Soothing and Moving
As the NSA was surreptitiously [pre Snowden!] listening in on
Angela Merkel in Germany, it’s a great shame they didn’t also pick up on another
important resident there, ex-pat and apparently hidden fellow-son David Munyon,
because frankly he could use the exposure for the folks back home, no matter
how disreputable the finding.
Munyon is as authentic a singer-songwriter as they come, and
whilst the Germans and others throughout Europe are privileged to know and
recognise his talent, he would appear to be relatively unheard of and beneath
the musical radar back home in the States, to continue the contemporary
allusion just a little more. His current release Purple Cadillacs is a beautifully simple and yet rich set of
self-penned songs, some from an impressive back catalogue for a revisit here,
like the wonderful Song For Danko and
Rosa’s Cantina.
David Munyon’s vocal is a distinctively inflected drawl that
narrates his stories in a low register that warms like someone uttering universal
truths completely devoid of showmanship. They can be endearingly homespun as with fifth
track Kansas, telling the tale of bible
reading Gladys who leaves Milwaukie aged 15 to drive her DeSoto to Kansas where the buffalo roam, and you can’t
get more ethnic Midwestern than this.
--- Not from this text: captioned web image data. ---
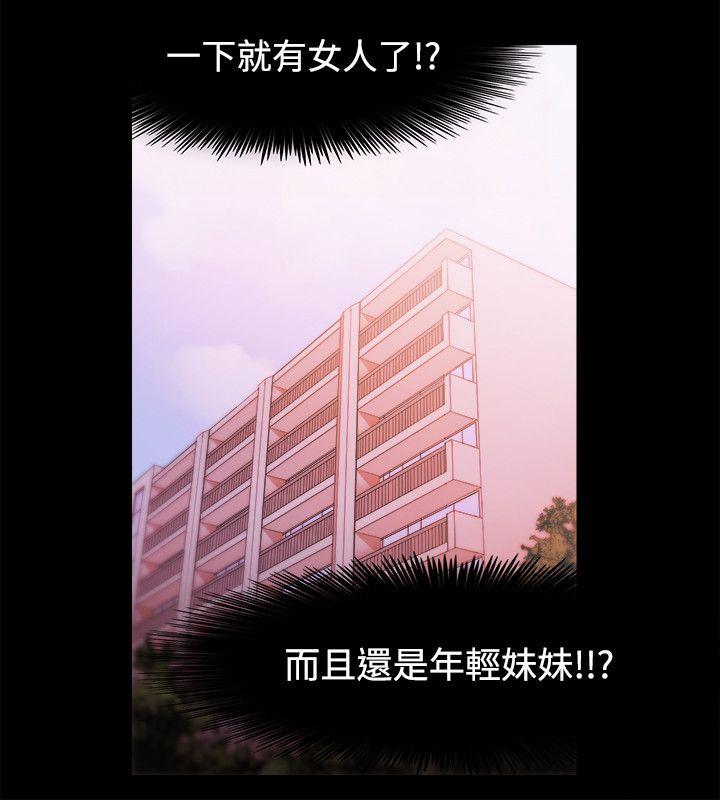 [韩国漫画] Loser 爱情,巨乳大奶#[34P]-18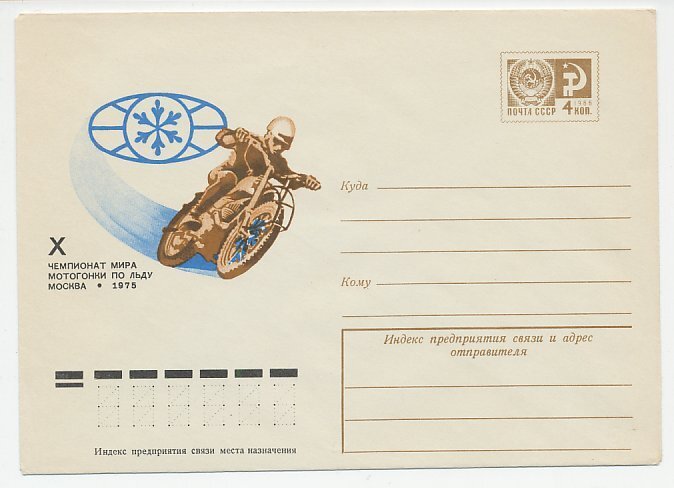 Postal stationery Soviet Union 1975 Motor - Ice speedway - World Championship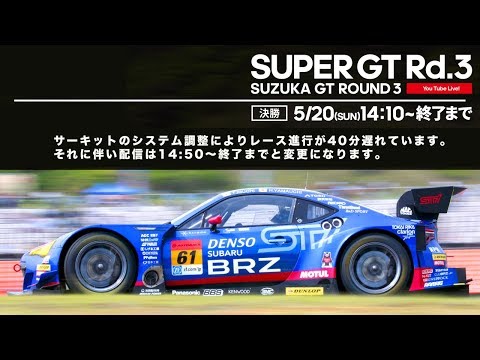 【LIVE】SUPER GT 2018 Rd.3 鈴鹿・決勝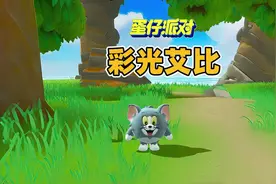 蛋仔派对：获得第一只彩光艾比#蛋仔奇思妙想计划 #蛋仔派对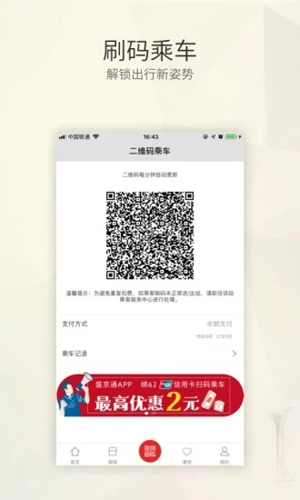 盛京通APP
The song goes on to reference David’s
grandfather, the Reverend Amer Stocking who preached in Kansas for over 40
years and who also has had a song named after and written about him, but not on
this album.
The revisited Prayers
of Elvis Presley continues the beautiful renditions, harmony vocals
supporting the simple melody, and Help Me
Krishna asserts Munyon’s broad but deep spirituality. The music is both
soothing and moving because it never tries too hard, and this is its enduring
strength. The album closes on the solemn but gorgeous Whenever You Fall In Love Again which is as soothing and moving as
the best music can ever be.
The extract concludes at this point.